Para os americanos anticomunistas,
a U.R.S.S. era o Império do Mal. Para os muçulmanos, os Estados Unidos são o
Grande Satã. Para os nazistas, os judeus são vermes bolcheviques. Para o monge
asceta cristão, as bruxas têm parte com o diabo. Para os sul-africanos
defensores do apartheid e os americanos da Ku Klux Klan, os negros são
subumanos e não merecem ter os direitos e privilégios dos brancos. O poder
hipnótico e a natureza contagiosa dessas fortes emoções ficam evidentes na
extensão e universalidade das perseguições raciais, das guerras religiosas e
das táticas de busca de bodes expiatórios.
E, portanto, é assim que seres
humanos tentam desumanizar outros, num esforço para assegurar que eles são
superiores — e que matar o inimigo não significa matar seres humanos iguais a
eles. Ao longo da história, a sombra tem surgido através da imaginação humana
como um monstro, um dragão, um Frankenstein, uma baleia branca, um
extraterrestre ou um homem tão vil impossível de se espelhar — ele está tão
distante quanto um ET. Revelar o lado escuro da natureza humana tem sido,
então, um dos propósitos básicos da arte e da literatura. Como disse Nietzsche:
"Temos arte para que a realidade não nos mate." Usando as artes e a
mídia (aí incluída a propaganda política) para criar imagens tão más ou
demoníacas quanto a sombra, a tentativa é de ganhar poder sobre ela, quebrar o seu
feitiço.
Isso pode ajudar a explicar por que
o ser humano fica tão excitado com as violentas arengas de arautos da guerra e
de fanáticos religiosos. Simultaneamente repelidos e atraídos pela violência e
pelo caos do mundo, transformamos dentro da nossa mente esses outros em
receptáculos do mal, em inimigos da civilização. A projeção também pode ajudar
a explicar a imensa popularidade dos filmes de terror. Através de uma
representação simbólica do lado da sombra, os impulsos para o mal podem ser
encorajados, ou talvez aliviados, na segurança de um livro ou de uma tela.
As crianças, tipicamente, começam a
aprender os assuntos da sombra ao ouvir contos de fada que mostram a guerra
entre as forças do bem e do mal, fadas-madrinhas e temíveis demônios. As
crianças, tanto quanto os adultos, também sofrem simbolicamente as provações de
seus heróis e heroínas e, assim, aprendem os padrões universais do destino
humano. Na batalha da censura que hoje se desenrola no campo da mídia e da
música, aqueles que pretendem estrangular a voz da sombra talvez não
compreendam sua urgente necessidade de ser ouvida. Num esforço para proteger os
jovens, os censores reescrevem Chapeuzinho Vermelho e fazem com que ela não
seja mais devorada pelo lobo, mas, desse modo, acabam deixando os jovens
despreparados para enfrentar o mal com que irão se defrontar.

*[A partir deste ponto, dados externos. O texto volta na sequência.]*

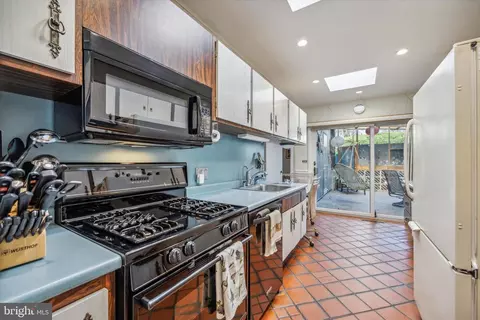 Kitchen - 804 Pardee Ln, Wyncote, PA 19095 photo 1 of 2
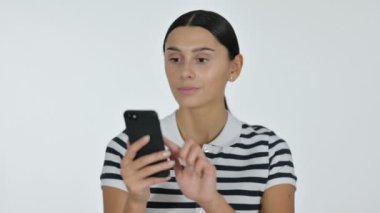 Genç Latin Kadın, Beyaz Arkaplan 'dan Akıllı Telefon' da Başarı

Assim como a sociedade, cada
família também constrói os seus próprios tabus, as suas áreas proibidas. A
sombra familiar contém tudo o que é rejeitado pela percepção consciente de uma
família, aqueles sentimentos e ações que são considerados demasiado ameaçadores
à sua autoimagem. Numa honrada e conservadora família cristã, a ameaça talvez
seja embriagar-se ou desposar alguém de outra religião. Numa família liberal e
ateia, talvez seja a opção pelos relacionamentos interraciais. Na sociedade, espancamento da esposa e abuso dos filhos costumavam ficar ocultos
na sombra familiar, mas hoje emergem, em proporções epidêmicas, à luz do dia. O
lado escuro não é nenhuma conquista evolucionária recente, resultado de
civilização e educação.
Ele tem suas raízes numa sombra
biológica, que se baseia nas próprias células. Os ancestrais animalescos do ser
humano, afinal de contas, sobreviveram graças as presas e garras. A besta interior
do ser humano está viva, muito viva, só que a maior parte do tempo permanece encarcerada.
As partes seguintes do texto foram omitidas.